Print the entries in full, word for word, but not the pictures.

• **INPUT DATA**:
##########

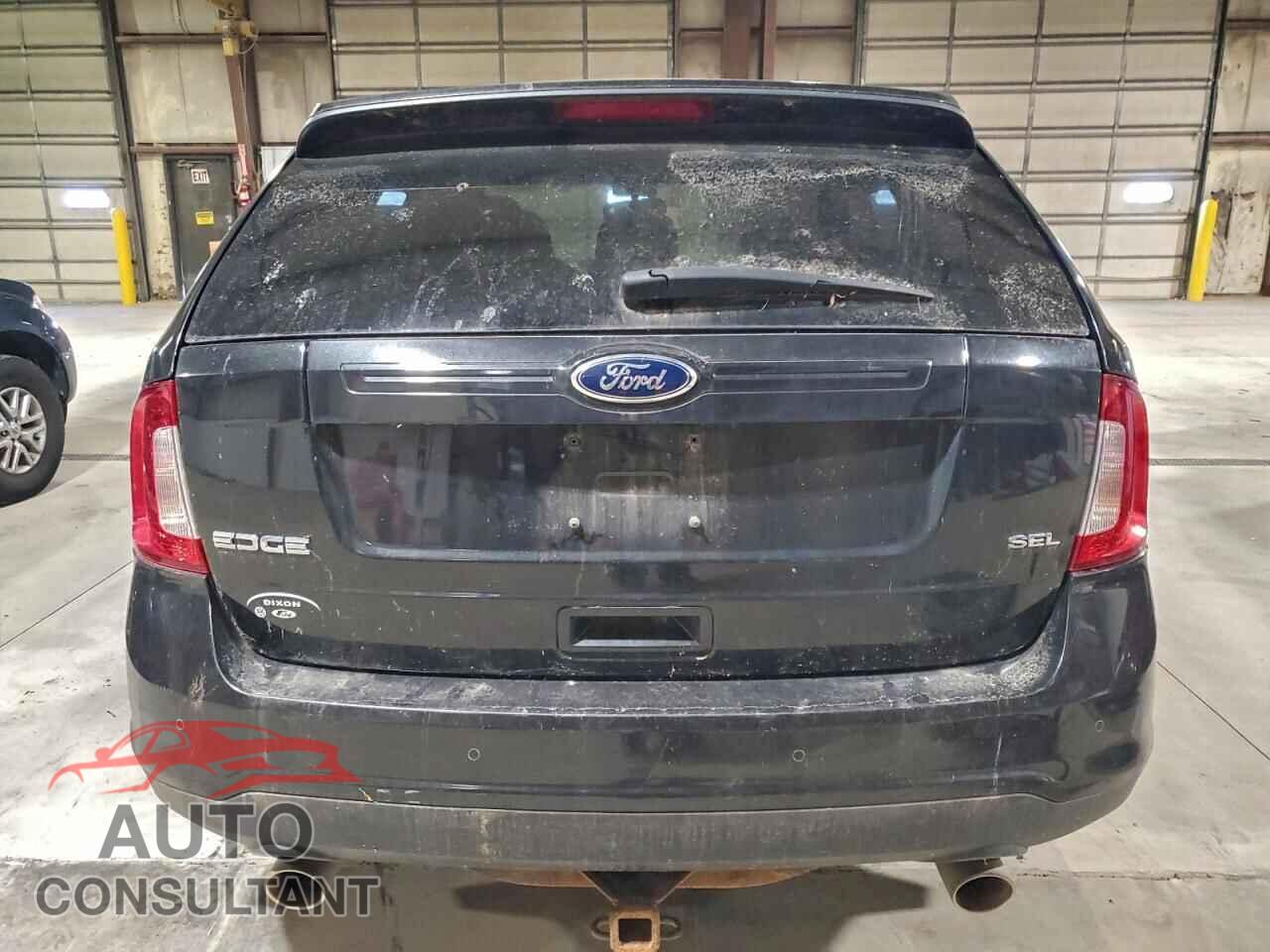 FORD EDGE 2013 - 2FMDK3JC9DBB29005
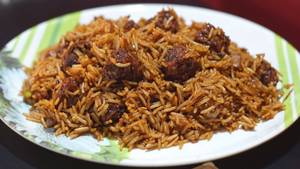 Manchurian Rice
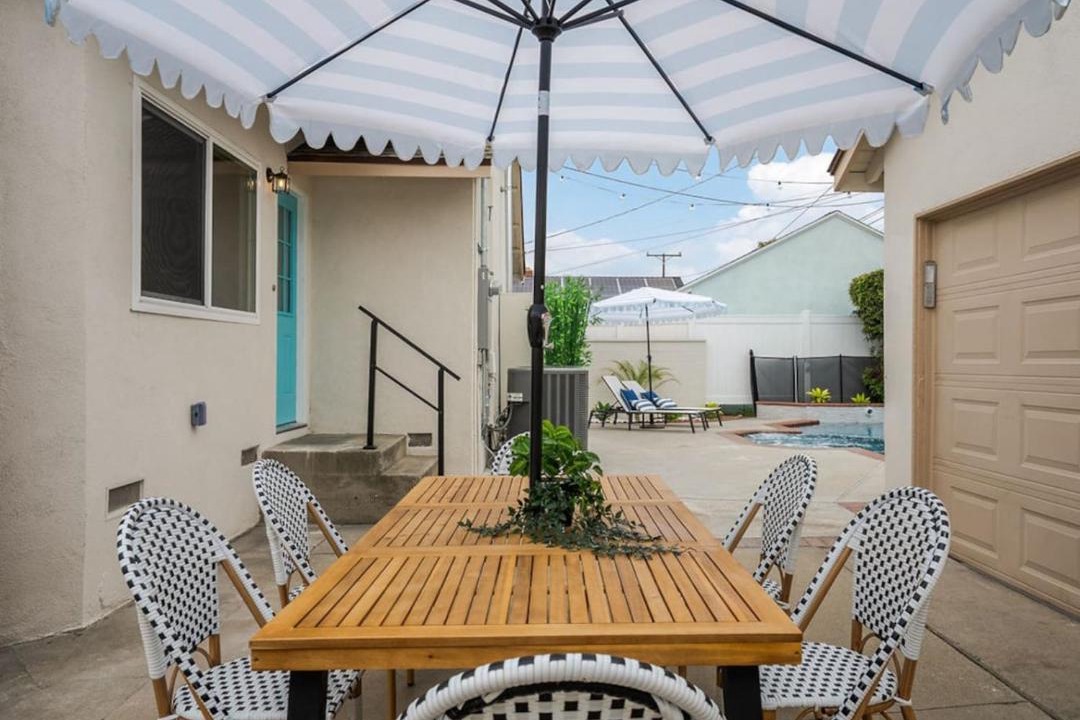 Photo of Patio Balcony in The Plaza
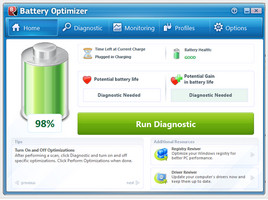 ডাউনলোড করুন ল্যাপটপ এর জন্য battery Health Optimizer আর আপনার ল্যাপটপ এর battery লাইফ দিগুন করুন in a minute.ল্যাপটপ এর battery নিয়া চিন্তা করার দিন শেষ.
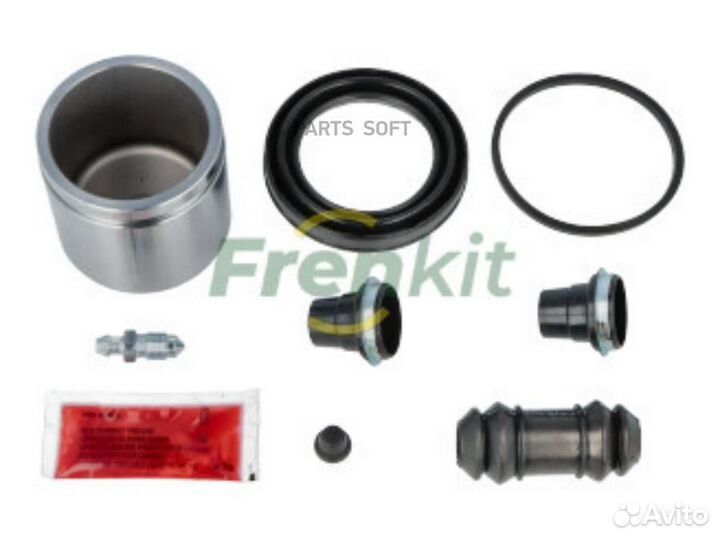 Frenkit 260905 Рем.ком/кт суппорта передн. 60-mmс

##########

• **RESPONSE BELOW**:
 FORD EDGE 2013 - 2FMDK3JC9DBB29005
 Manchurian Rice
 Photo of Patio Balcony in The Plaza
 ডাউনলোড করুন ল্যাপটপ এর জন্য battery Health Optimizer আর আপনার ল্যাপটপ এর battery লাইফ দিগুন করুন in a minute.ল্যাপটপ এর battery নিয়া চিন্তা করার দিন শেষ.
 Frenkit 260905 Рем.ком/кт суппорта передн. 60-mmс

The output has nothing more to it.